Annotation of non-contiguous entities

ines · February 10, 2021, 11:56pm

Hi! Non-contiguous and potentially overlapping spans can definitely be a little tricky, especially if you want the annotation process to be clear and efficient.

One option could be to just model this as a relation annotation task instead of span annotation and only focus on connecting tokens with the given entity label. For example, in your case, you would annotate "Type" + "1" → "diabetes" and "Type" + "2" → "diabetes". This way, a token or entity fragment can be part of multiple spans of different types and it'll be clearly visualised in the UI with different colours.

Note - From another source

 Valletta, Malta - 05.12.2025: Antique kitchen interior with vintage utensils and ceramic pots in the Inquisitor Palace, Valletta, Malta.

Sorry if this sounds a bit abstract – but I made a quick example Initially, your sentence would look like this:

To merge expressions like "Type 1" that are part of the non-contiguous span, you can use the span highlighting mode. I used the label X here because the label doesn't matter – we'll be annotating that at the relation level so that fragments can be part of multiple, potentially different entity types if needed:

You can now connect the fragments using the given entity label. In theory, a fragment can be part of multiple entity types.

The resulting JSON data (see here for an example) will include each annotated relations and the two fragments they connect, with their token indices and offsets into the text, as well as the label. This should make it pretty easy to export the information in the format you're looking for.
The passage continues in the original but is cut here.